**What the task asks**
Locate the line that contains "DARIUSZ 2 Krzesło". Retype it and every line after it to the end of the records, exactly, but not the pictures.

**Short web captions**
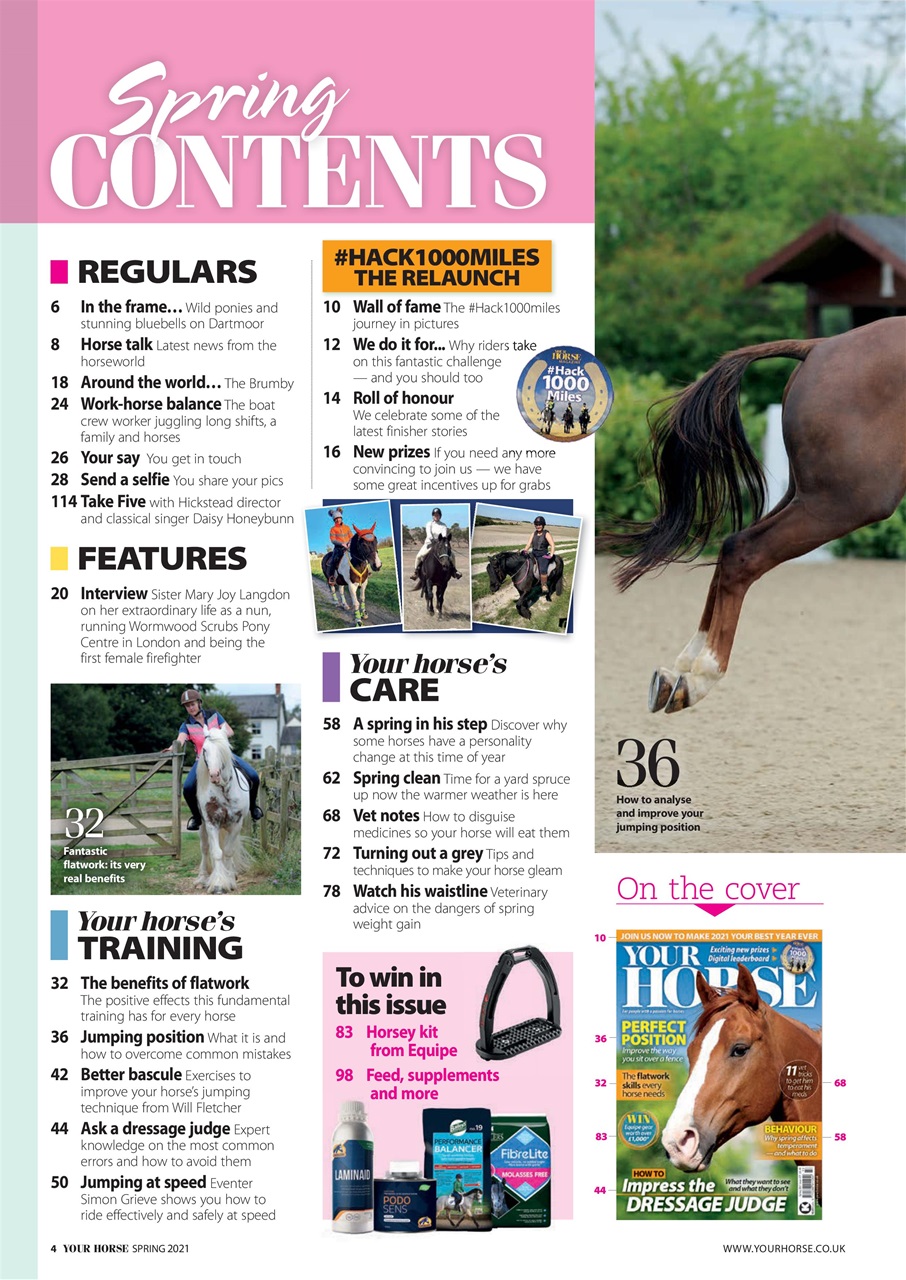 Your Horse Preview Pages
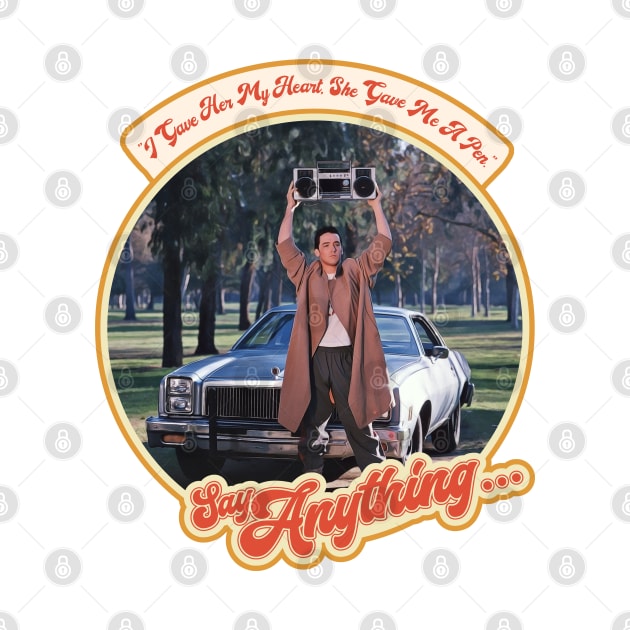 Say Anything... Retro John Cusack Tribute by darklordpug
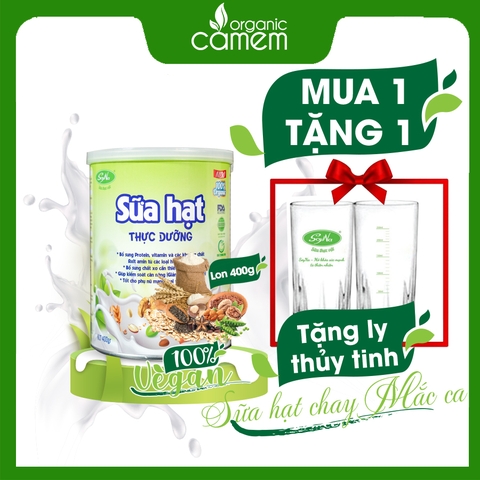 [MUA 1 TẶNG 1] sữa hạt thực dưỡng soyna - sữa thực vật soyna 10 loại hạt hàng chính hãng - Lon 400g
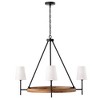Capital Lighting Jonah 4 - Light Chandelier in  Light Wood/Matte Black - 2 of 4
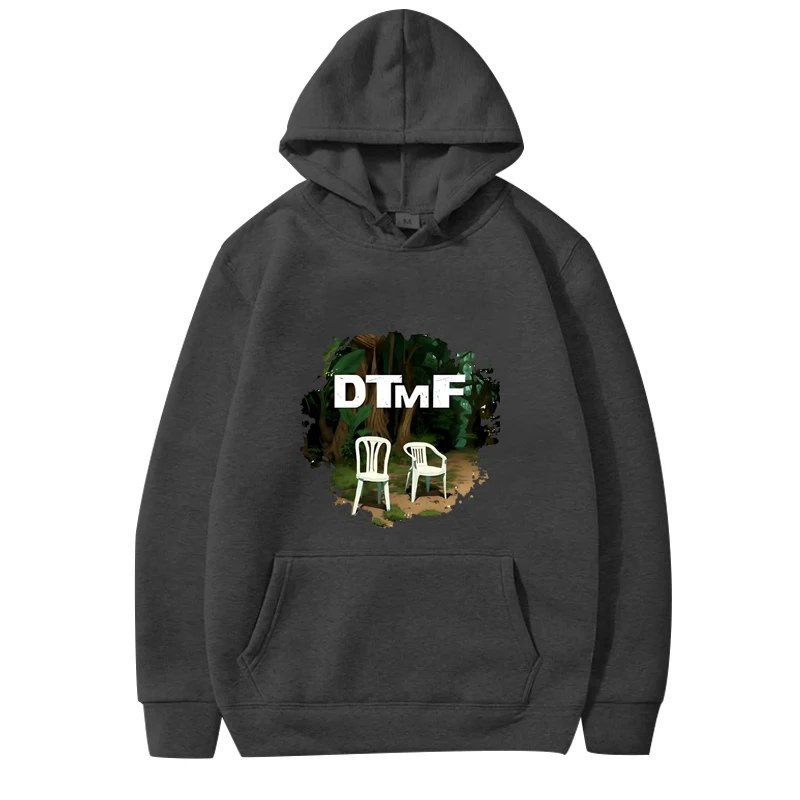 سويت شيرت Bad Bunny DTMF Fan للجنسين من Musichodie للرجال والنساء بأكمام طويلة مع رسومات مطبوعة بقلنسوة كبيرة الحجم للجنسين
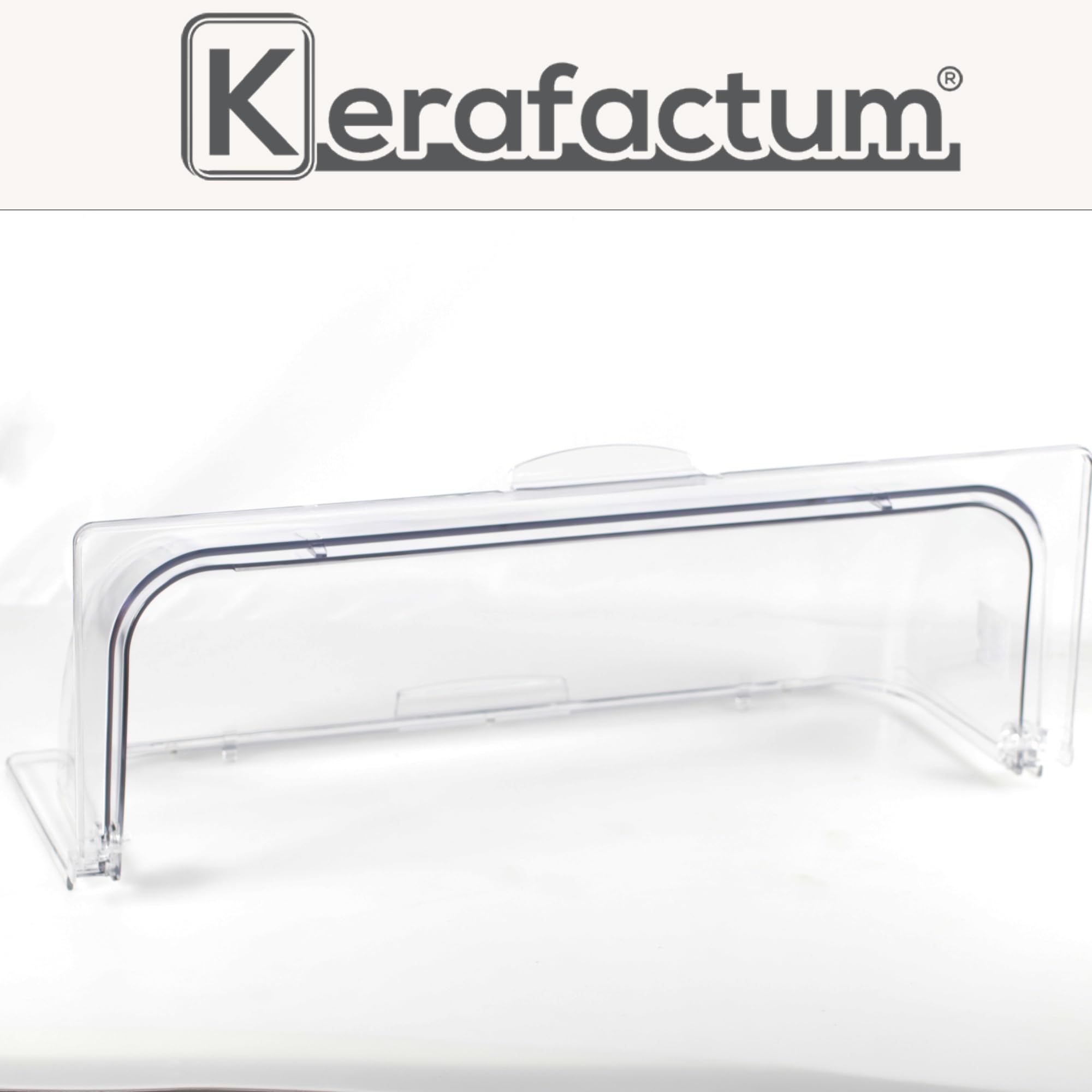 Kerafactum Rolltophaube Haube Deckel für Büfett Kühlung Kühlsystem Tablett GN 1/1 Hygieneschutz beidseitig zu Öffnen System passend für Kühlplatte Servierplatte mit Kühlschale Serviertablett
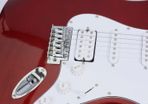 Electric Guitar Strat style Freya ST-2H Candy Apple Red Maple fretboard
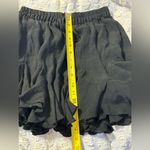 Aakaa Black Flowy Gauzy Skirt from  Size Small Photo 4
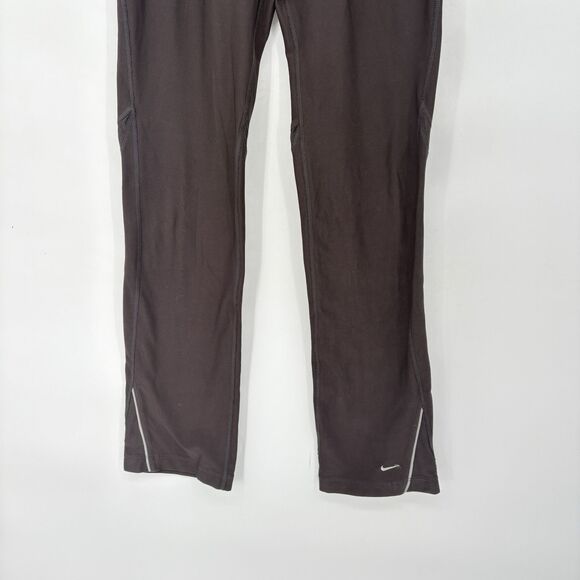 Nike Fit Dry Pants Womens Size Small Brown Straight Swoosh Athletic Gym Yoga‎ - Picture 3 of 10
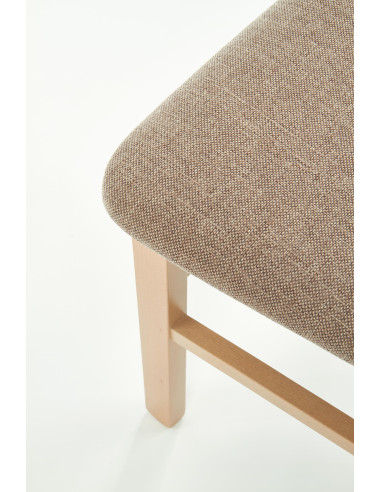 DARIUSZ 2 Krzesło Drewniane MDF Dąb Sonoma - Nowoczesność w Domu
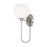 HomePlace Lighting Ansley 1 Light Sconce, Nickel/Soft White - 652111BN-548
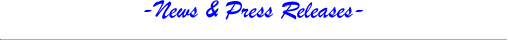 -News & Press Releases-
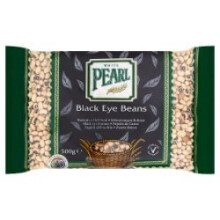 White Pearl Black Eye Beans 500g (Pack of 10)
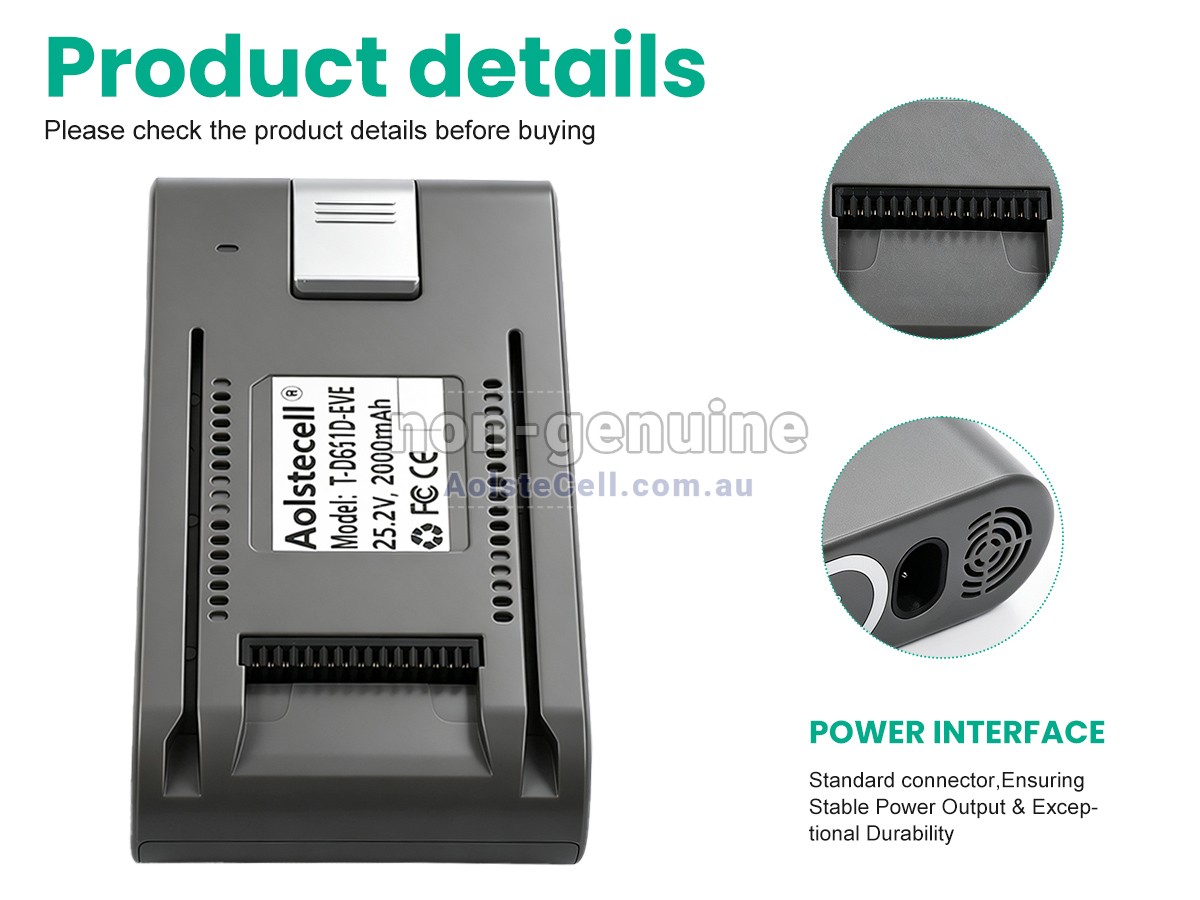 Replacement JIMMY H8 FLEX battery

**Response to the exercise**
 DARIUSZ 2 Krzesło Drewniane MDF Dąb Sonoma - Nowoczesność w Domu
 HomePlace Lighting Ansley 1 Light Sconce, Nickel/Soft White - 652111BN-548
 -News & Press Releases-
 White Pearl Black Eye Beans 500g (Pack of 10)
 Replacement JIMMY H8 FLEX battery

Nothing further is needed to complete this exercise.